The hundred or so acts I’ve happened upon in my life give me some bragging rights, but more than anything they give me a benchmark, be it Skinnyman at a beach front bar in Brighton or Kanye on main stage at Glasto, there are levels, and they are not often met.
The first thing that hits you is a booming freestyle, a huge presence commandeering the stage and a fierce grip turning the microphone into a truth-channeling device. The soundman can’t keep up, literally, whilst the off-the-dome-35-years-in-the-making freestyle let’s the crowd know we’re in business. From start to finish the show was high octane, not in an unbearable way, but a righteous rebel with a message kind of way. His son spun the decks, protégé and testament to the teacher’s precision. The venue made it intimate; we crowded in tightly to hear the sermon, and we all left faithful.
KRS constantly reminded the crowd that we’re not fans, but family. His wife brought down a cake for his son, his son smiled out to the audience, the Jazz café was transformed into a homely kitchen, it was a family affair and uncle KRS was out to school us on this momentous occasion, beats, bars and big lessons.
“We’re about anti-sexism, anti-racism, anti-ageism, let the people see this… Fuck colonialism!” KRS-One (Jazz Café, Camden, Aug 9th 2015)
Earlier in the day I’d been at a black lives matter anniversary protest in central London, we commemorated the life of Michael Brown, but also of Mark Duggan gunned down by police in Tottenham, of Sean Rigg strangled out by police in Brixton and the 1514 others since 1990. My voice was cut up from chanting and my spirit was ground down by ceaseless police brutality.
KRS was never one to shy away from the reality of the day, he takes on the police, the corporations, the politicians, every-one who stand against people power is firmly in his scopes, and he didn’t forget to let people know what he thinks of the BBC. I felt I had the power to keep resisting. ‘No-one is illegal!’ he roared across the room, KRS’s way to introduce a track was to chant its chorus acapella a few times, warming it up and then drop the track hard – I’d only seen that on the screen before, in person, it works a treat.
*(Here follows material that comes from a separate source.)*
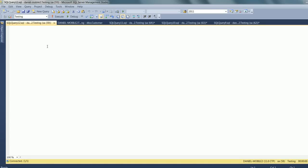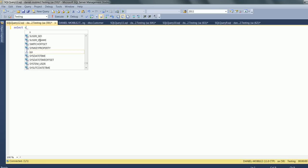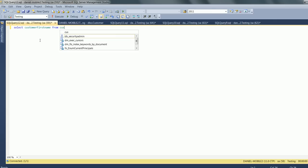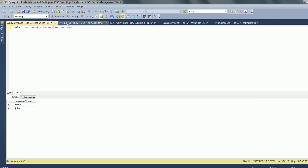It starts with uppercase and the following letters are in lowercase. So in my customer table, I have these names. I will show you that all letters are in lowercase.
The Invaders was the standout track for me, it stirred my soul, deeply, this track with its eerie South American pipes and threats to the United States, was timely and tight. Only days before I was at a detention centre for women migrants, chanting for their freedom, and against their torture, KRS’s performance invoked the same spirit of those brave freedom fighters.
“All these rapper have corporations behind them, they’re all corporate, and I’m not signing anything unless my family is with me.” KRS-One (Jazz Café, Camden, Aug 9th 2015)
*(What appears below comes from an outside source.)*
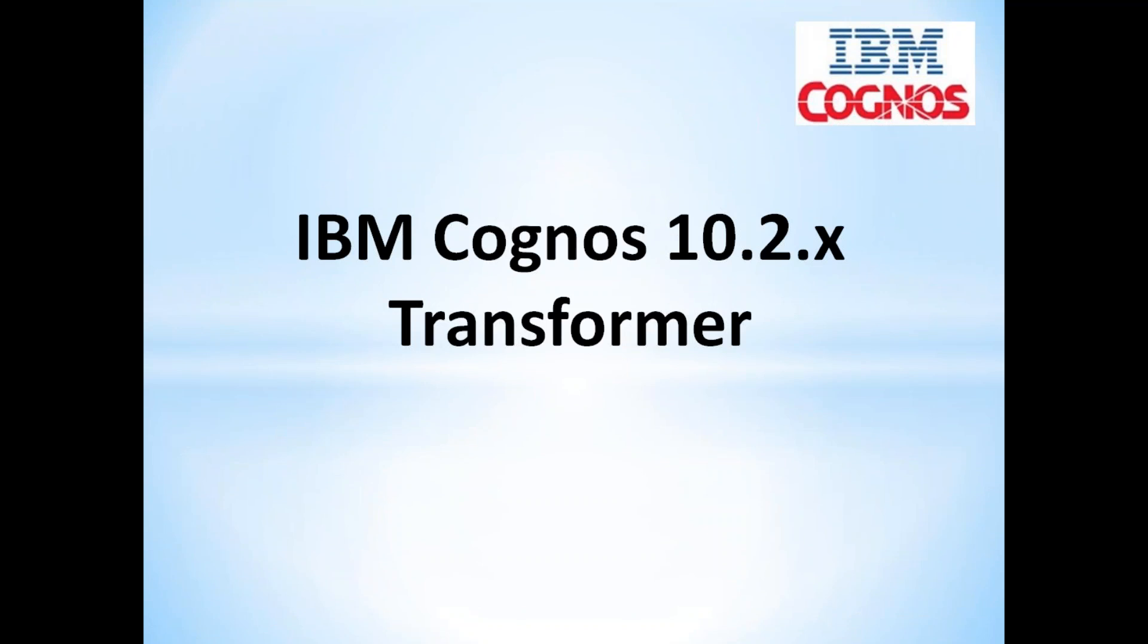Hi friends, thanks for joining the demonstration. My name is Pavan and I have around 14 years of experience in Cognos. In this demo we'll see what is Transformer and multi-dimensional analysis, and will create a simple transformer cube.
KRS is all about knowledge and learning, he spoke of how education is a joke, he told the crowd how as soon as his son could read and write he snatched him out of school and put him in home schooling. The performance was as much an insight into KRS’s philosophy as it was a demonstration of his catalogue. We were reminded about the ‘nation of Hip-Hop’, about how the culture informs us, and we inform the culture.
I left the show full of life, full of reasons and full of respect for one of the last remaining legends in the Hip-Hop world. KRS-One, a real Hip-Hop don.